Check the browser type and version and adapt your response to it.
Specify how long the client can cache a page before it is considered outdated and should be reloaded.
We won’t cover all of the details of HTTP, just what is important for our understanding of CGI. Specifically, we’ll focus on the request and response process: how browsers ask for and receive web pages.
If you are interested in understanding more about HTTP than we provide here, visit the World Wide Web Consortium’s web site at http://www.w3.org/Protocols/. On the other hand, if you are eager to get started writing CGI scripts, you may be tempted to skip this chapter. We encourage you not to. Although you can certainly learn to write CGI scripts without learning HTTP, without the bigger picture you may end up memorizing what to do instead of understanding why. This is certainly the most challenging chapter, however, because we cover a lot of material without many examples. So if you find it a little dry and want to peek ahead to the fun stuff, we’ll forgive you. Just be sure to return here later.

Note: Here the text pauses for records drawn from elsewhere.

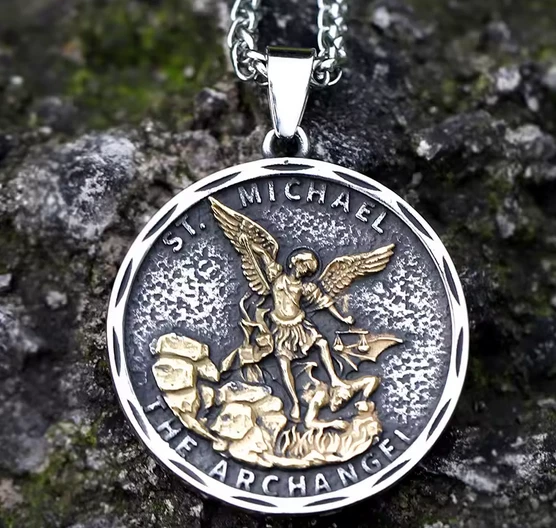 Collar Arcángel San Miguel Hombre - Colgante Protección Acero Inoxidable Foto 2 de 4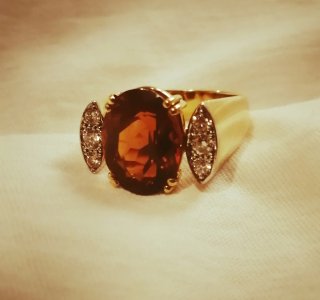 Anillo 18K Oro Piedra Roja y Diamantes
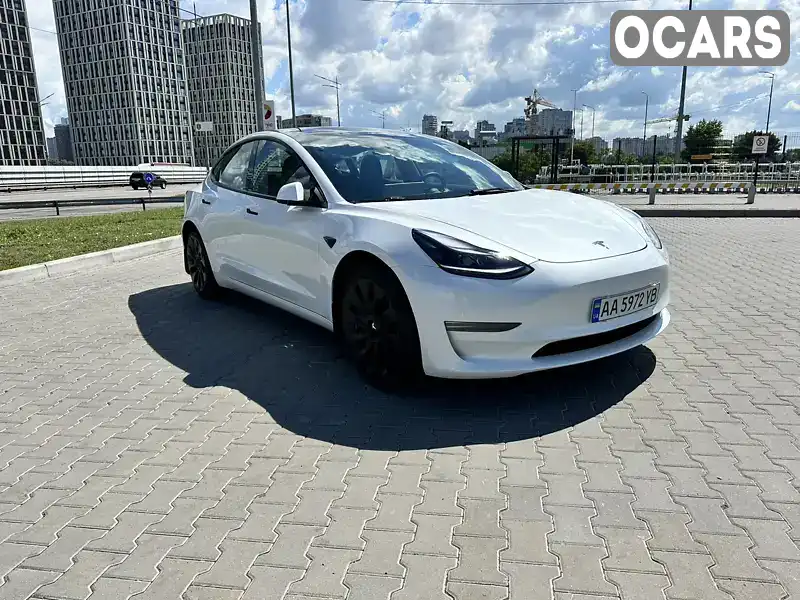 Седан Tesla Model 3 2023 null_content л. обл. Киевская, Киев - Фото 1/21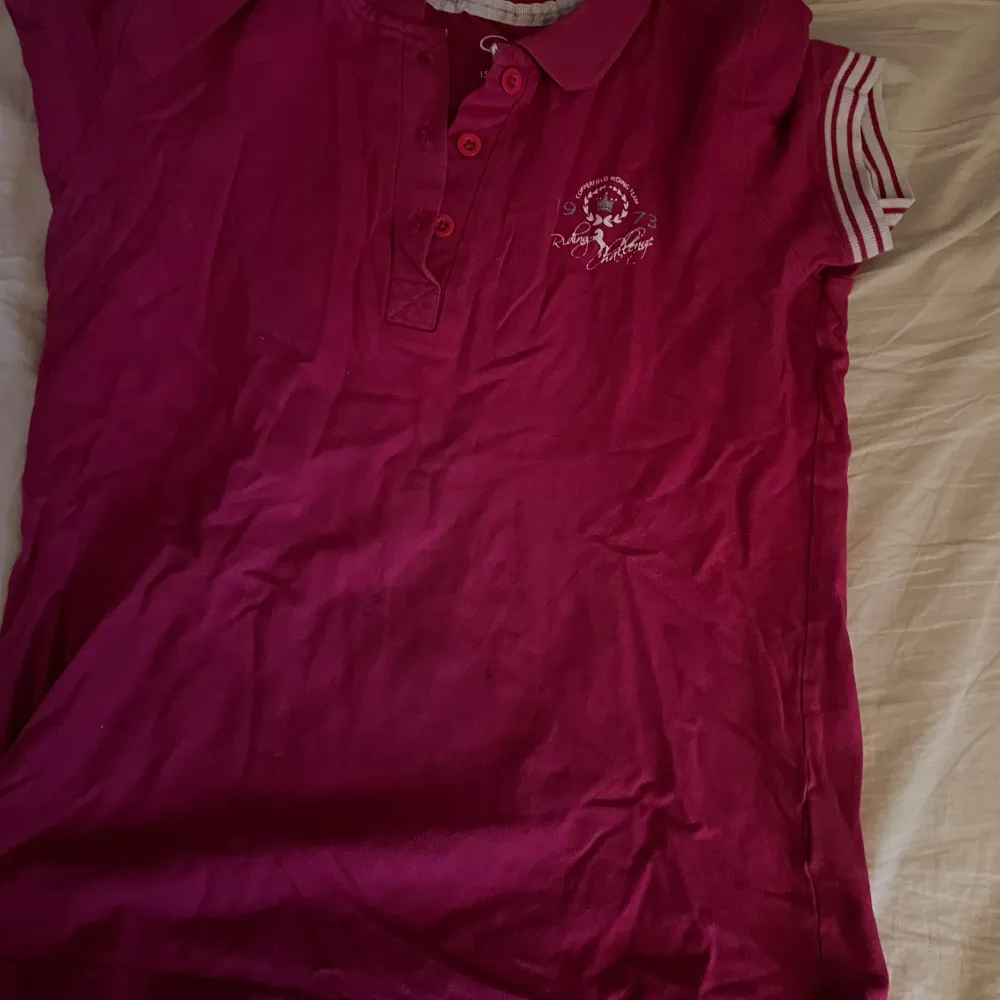 Fin rosa tröja använd några gånger inte sönder. Stolek 158/164. . T-shirts.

During our discussion of HTTP and CGI, we will be often be referring to URLs , or Uniform Resource Locators. If you have used the Web at all, then you are probably familiar with URLs. In web terms, a resource represents anything available on the web, whether it be an HTML page, an image, a CGI script, etc. URLs provide a standard way to locate these resources on the Web.
Note that URLs are not actually specific to HTTP; they can refer to resources in many protocols. Our discussion here will focus strictly on HTTP URLs.
HTTP URLs consist of a scheme, a host name, a port number, a path, a query string, and a fragment identifier, any of which may be omitted under certain circumstances (see Figure 2.1).
HTTP URLs contain the following elements:
The
scheme represents the protocol, and
for our purposes will either be http
or
https
.
https
represents a connection to a secure web server. Refer to The Secure Sockets Layer later in this chapter.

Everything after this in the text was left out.